VM syncing will be a beta feature for sure for quite some time.
Work has started for this request. First stop is the hostgroup generation logic which needs to be completely rewritten in order to support 2 different types of data structures and differentiate between VM's and devices.
+1 for this feature please.
+1 This would be a great enhancement
+1 This feature would definitely be appreciated! Looking forward to seeing how this enhancement progresses.
I added the ability to sync with VM's here: https://github.com/TheNetworkGuy/netbox-zabbix-sync/pull/76
I'm sorry if the code is a bit spaghetti, but it was done quick. If I have time (and I remember) I will refactor :))
An update from the void: i haven't lost track of this feature request. Personally things have been buzy but i'm very happy that you all are showing me that this feature is definitely priority nr.1.

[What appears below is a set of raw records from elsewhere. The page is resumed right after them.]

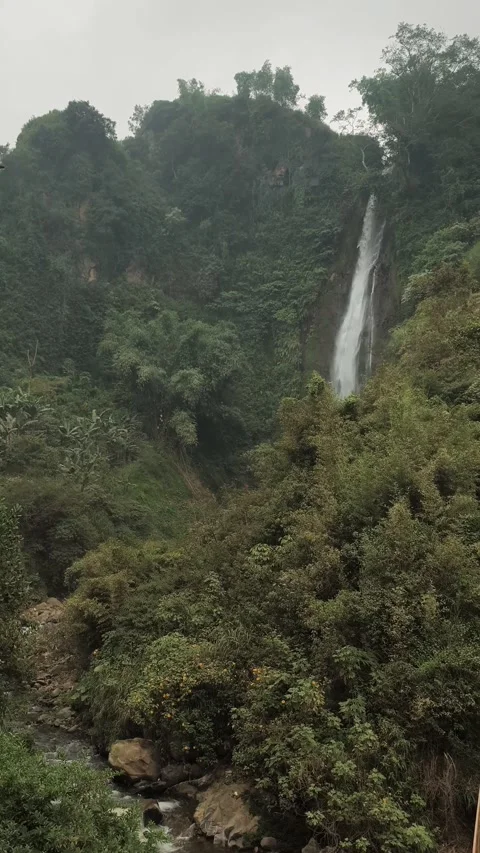 Majestic Waterfall Cascading Down Lush Green Cliff in Tropical Forest Video stock 334487474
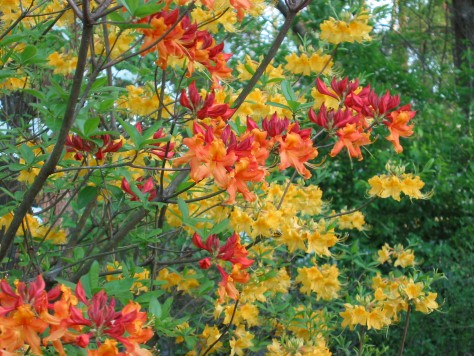 R. austrinum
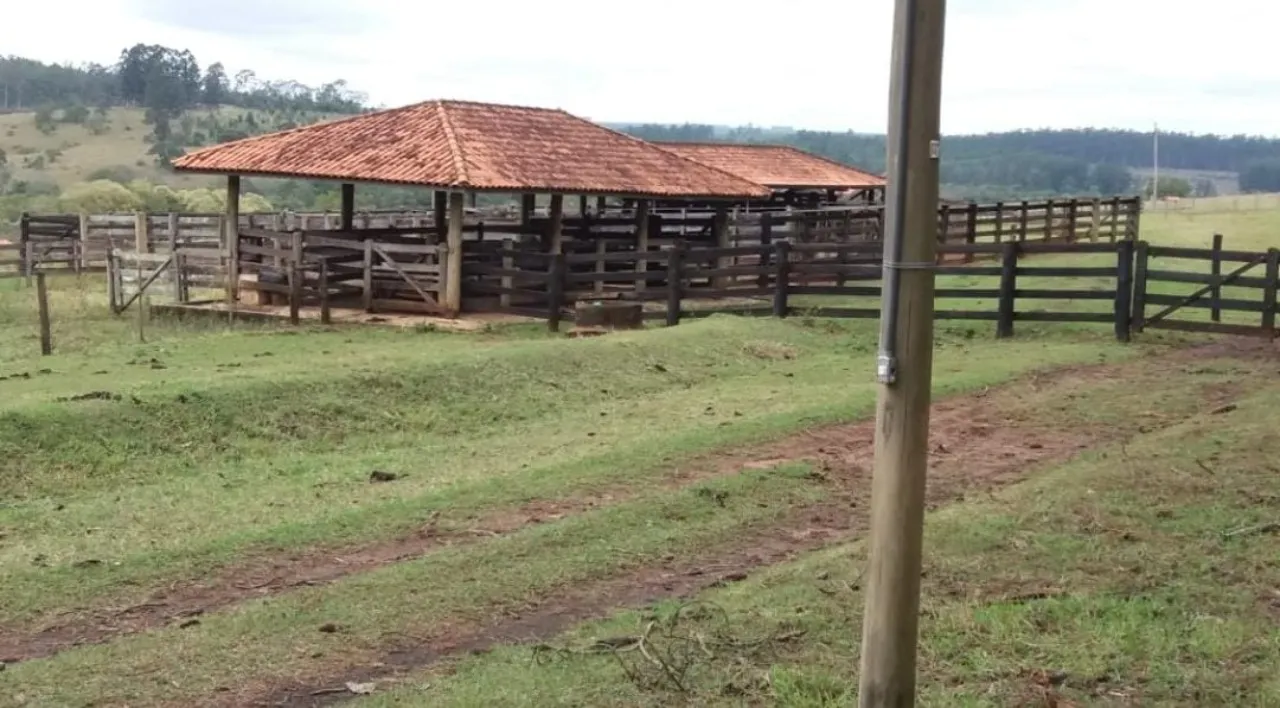 Fazenda à venda de 332 ha em Avaré, SP, Brasil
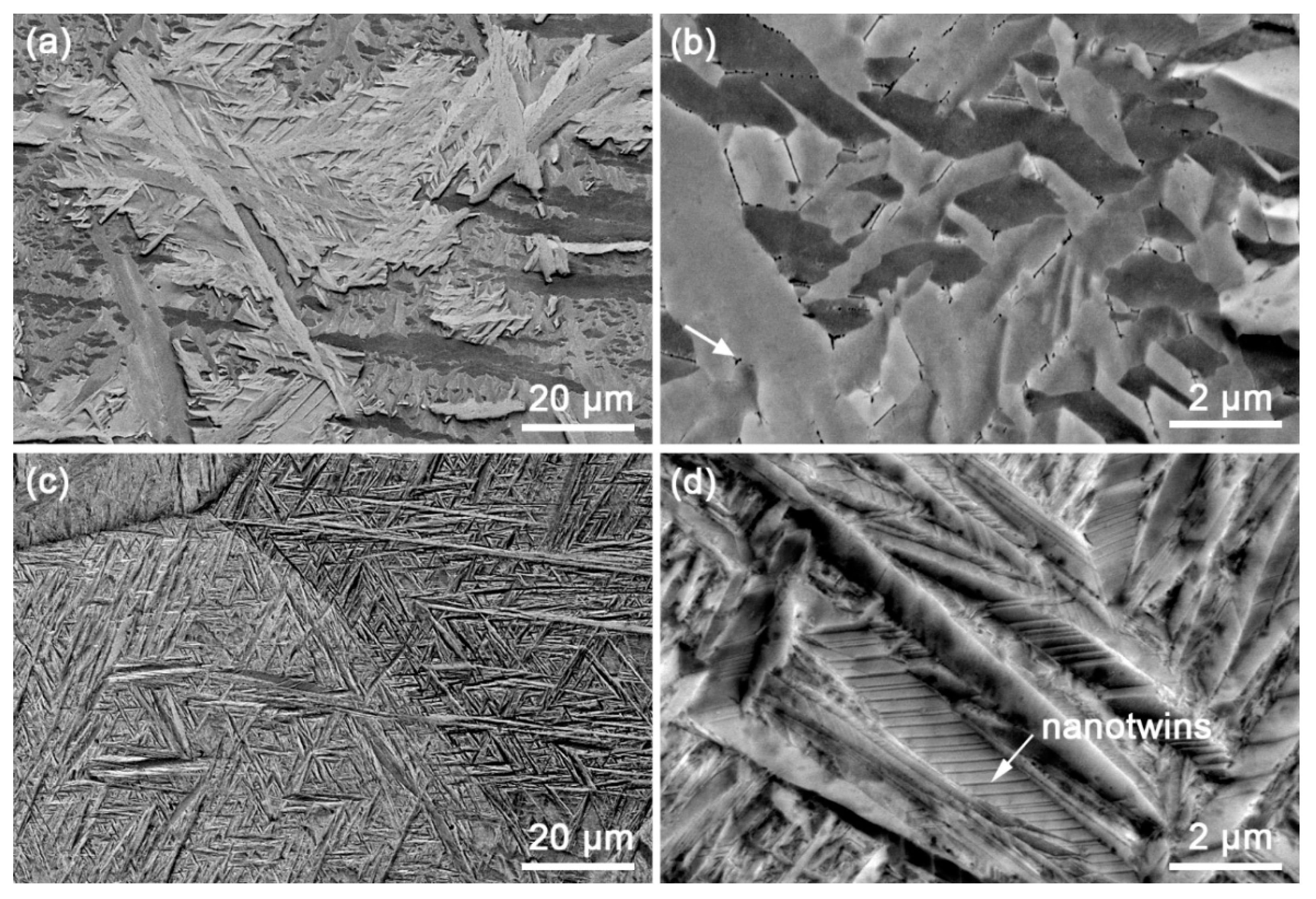 Materials 12 03752 g003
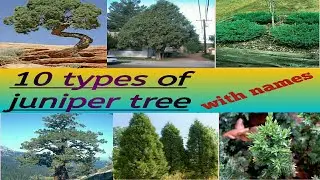 10 types of juniper tree with names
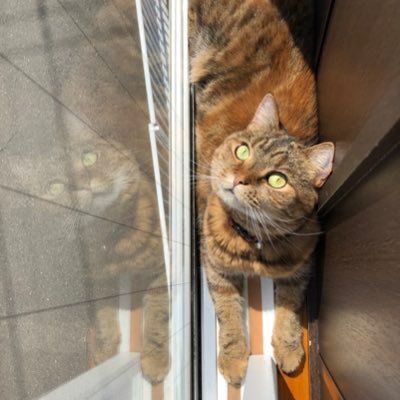 海辺が好き 台湾が好き 美味しいものと旅行が好き 国内は温泉好き そして猫大好き 雑多すぎるアカウントが旅行の情報収集と過去の旅の思い出、日常などを呟いてます。時々ヲタク。極々微量のサッカー成分。ヘタクソ写真師範。バ部🥖無言フォロー失礼します。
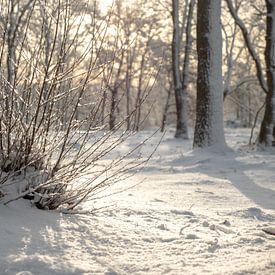 Bezaubernde Winterlandschaft: Schnee, Eis und malerische Bäume von Robin Jongerden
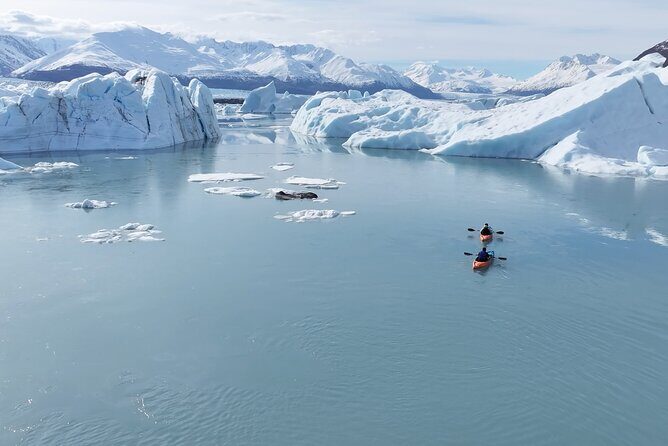 Glacier Blue Kayaking – Knik Glacier Day Tour from Anchorage - The 8:30am Start: Pickup That Lets You Actually Enjoy the Day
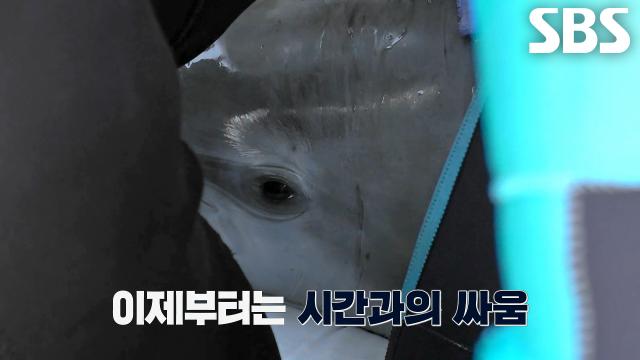지체할 시간이 없는 긴급한 '안목이'의 구조 현장♨ 썸네일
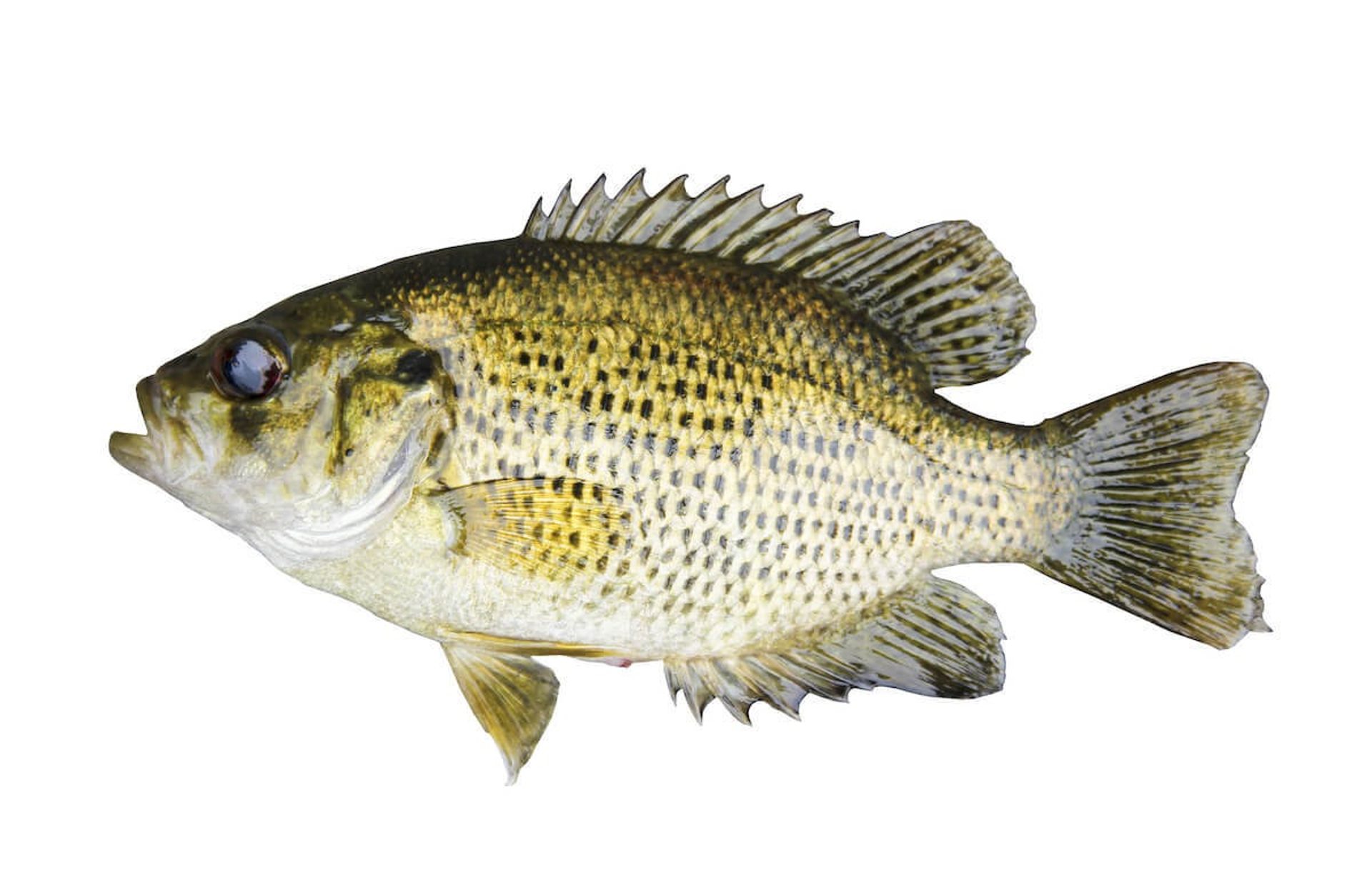 Rock Bass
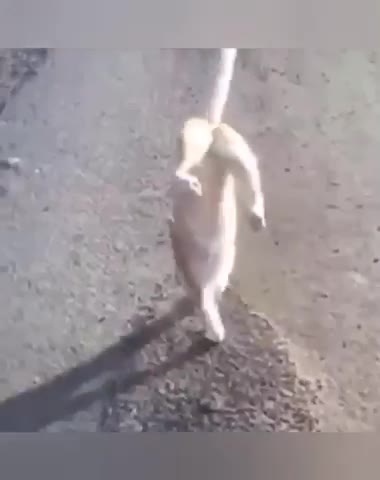 -На-2-лапках-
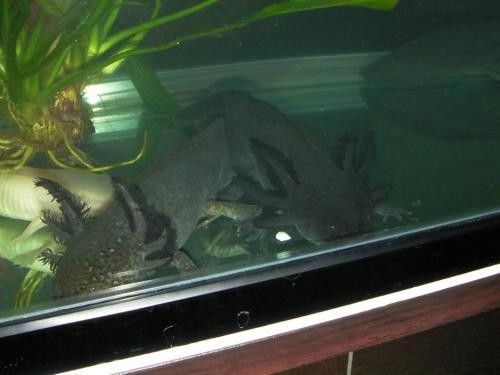 龍魚魚缸清洗后如何消毒（如何清洗和消毒你的龍魚魚缸）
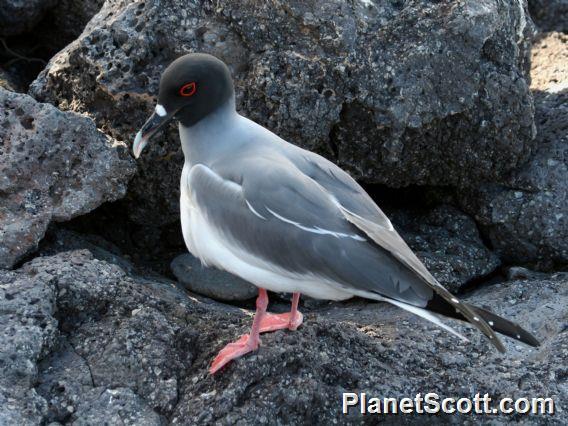 Swallow-tailed Gull (Creagrus furcatus) 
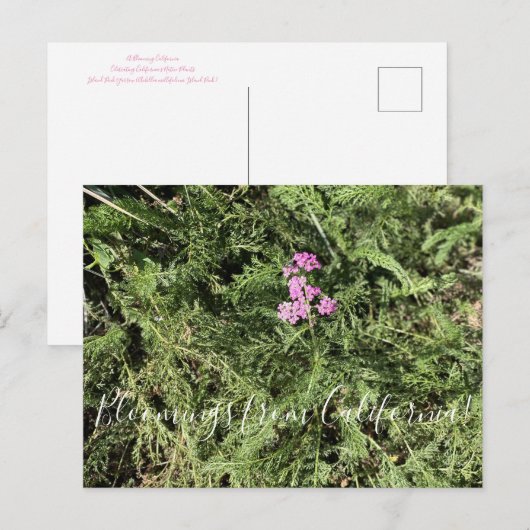 Bloomings uit Californië: Island Pink Yarrow Briefkaart (Voorkant / Achterkant)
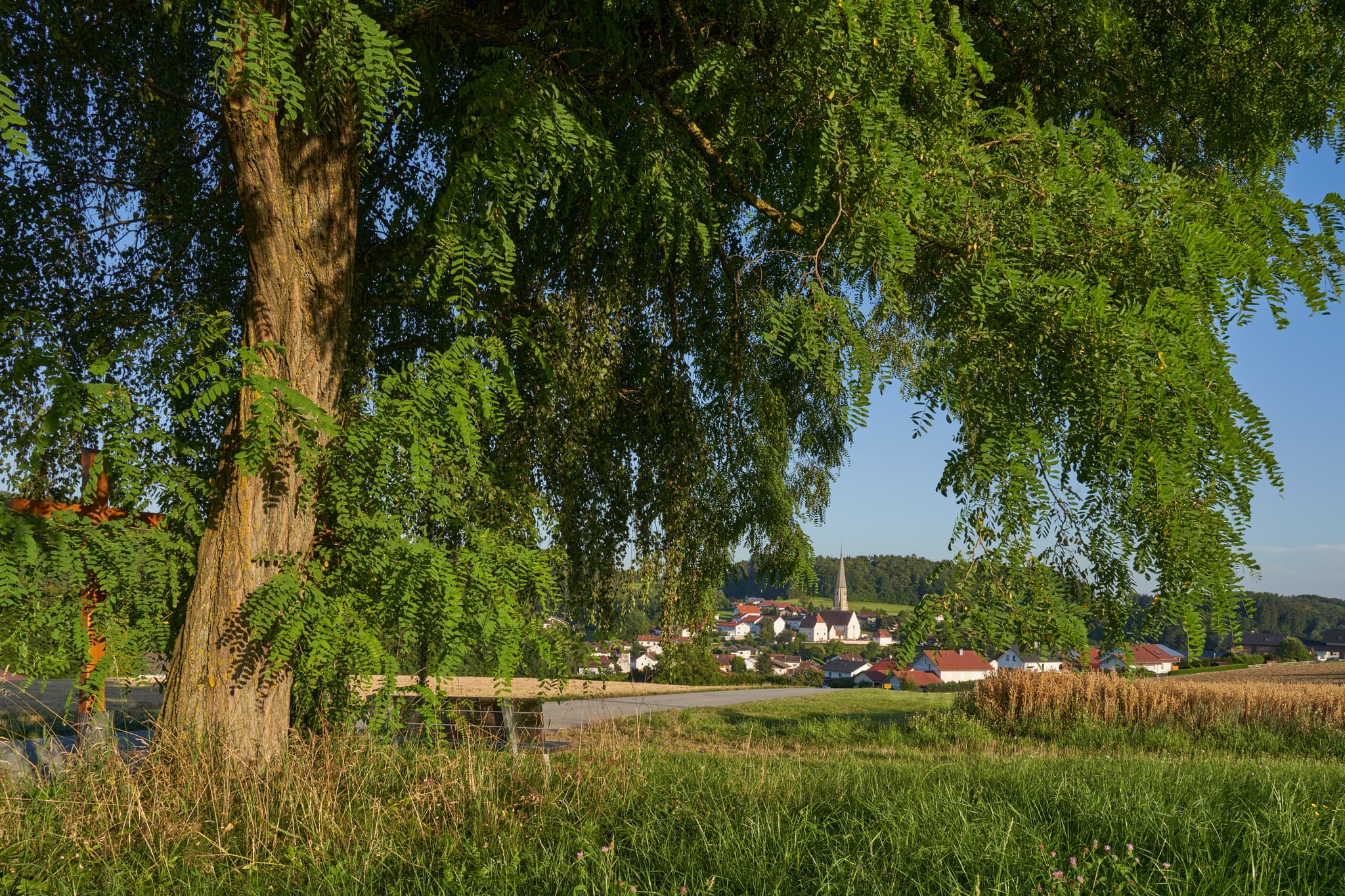 Aussichtspunkt mit Bank unter Akazie, Taubenbach Aussicht - Aussicht auf Taubenbach, Gemeinde Reut, Landkreis Rottal-Inn, Bayern, Deutschland. Bank unter einer Akazie mit Blick auf den Ort und die Kirche.
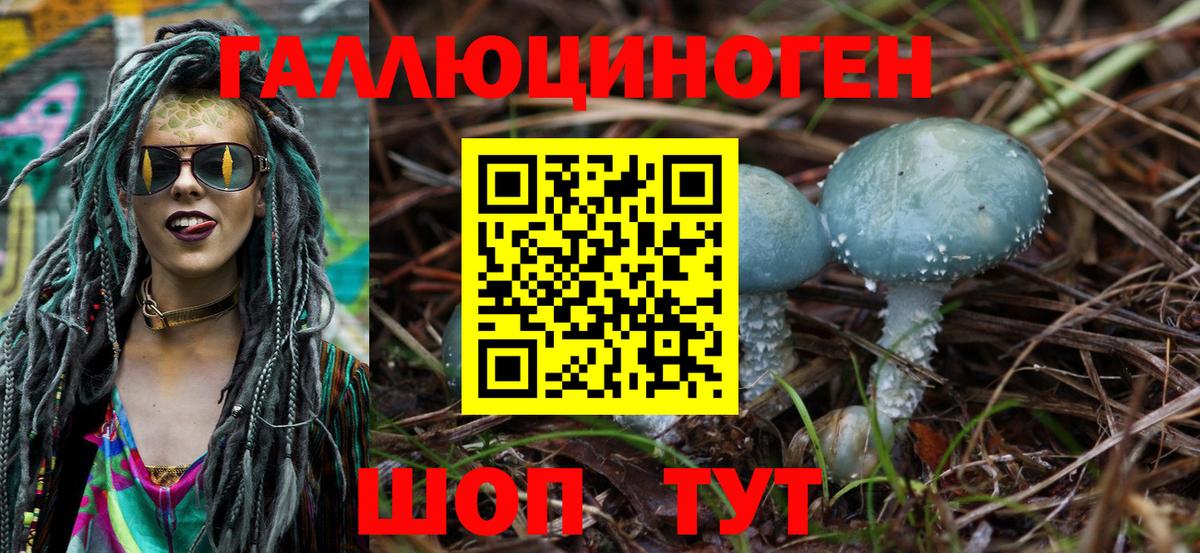 Галлюциногенные грибы Psilocybe Орёл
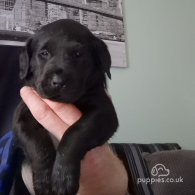 Labrador Retriever - Both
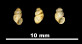 Bythinella brevis persuturata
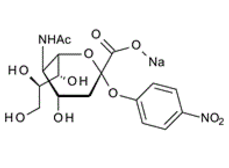 123549-14-4 , Neu5Ac-a-PNP.Na; 2-O-(4-Nitrophenyl)-a-D-N-acetylneuraminic acid sodium salt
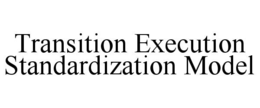 transition execution standardization model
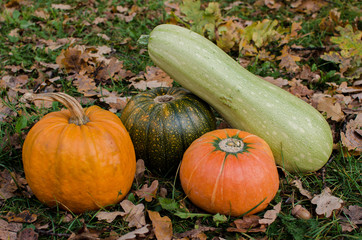 Pampkins with fall leaves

The reason as to why i haven't merged feature request #76 is the same as the author described above, i don't think the code has all of the features and customizability that the project deserves. Furthermore i also started on several pieces of the code earlier this year and would like to follow it up since it does provide a solid base to work further on.
I'll have more free time next week so i'll probably post some updates or even a branch for you all to test with! :)
Oh yeah I agree my pr: https://github.com/TheNetworkGuy/netbox-zabbix-sync/pull/76 is lacking and I don't think it should be merged now, but it's a quick workaround for anyone who needs it like I do/did.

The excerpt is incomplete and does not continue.